The High House / Jessie Greengrass
Perched on a sloping hill, set away from a small town by the sea, the High House has a tide pool and a mill, a vegetable garden, and, most importantly, a barn full of supplies. Caro, Pauly, Sally, and Grandy are safe, so far, from the rising water that threatens to destroy the town and that has, perhaps, already destroyed everything else. But for how long?

Caro and her younger half-brother, Pauly, arrive at the High House after her father and stepmother fall victim to a faraway climate disaster–but not before they call and urge Caro to leave London. In their new home, a converted summer house cared for by Grandy and his granddaughter, Sally, the two pairs learn to live together. Yet there are limits to their safety, limits to the supplies, limits to what Grandy–the former village caretaker, a man who knows how to do everything–can teach them as his health fails.
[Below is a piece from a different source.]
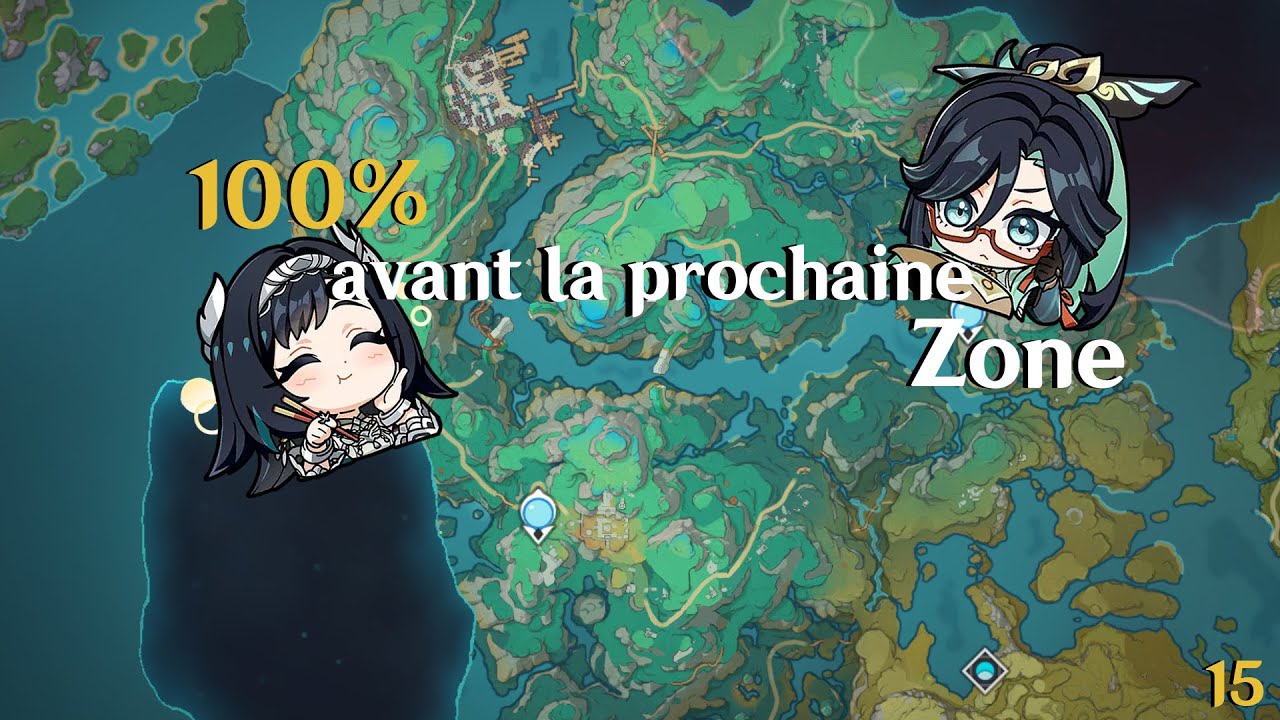 FINIR une zone à 100% avant de passer à la suivante ! 15 | Genshin Impact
A searing novel that takes on parenthood, sacrifice, love, and survival under the threat of extinction, The High House is a stunning, emotionally precise novel about what can be salvaged at the end of the world.

A Children’s Bible / Lydia Millet
A Children’s Bible follows a group of twelve eerily mature children on a forced vacation with their families at a sprawling lakeside mansion. Contemptuous of their parents, the children decide to run away when a destructive storm descends on the summer estate, embarking on a dangerous foray into the apocalyptic chaos outside. Lydia Millet’s prophetic and heartbreaking story of generational divide offers a haunting vision of what awaits us on the far side of Revelation.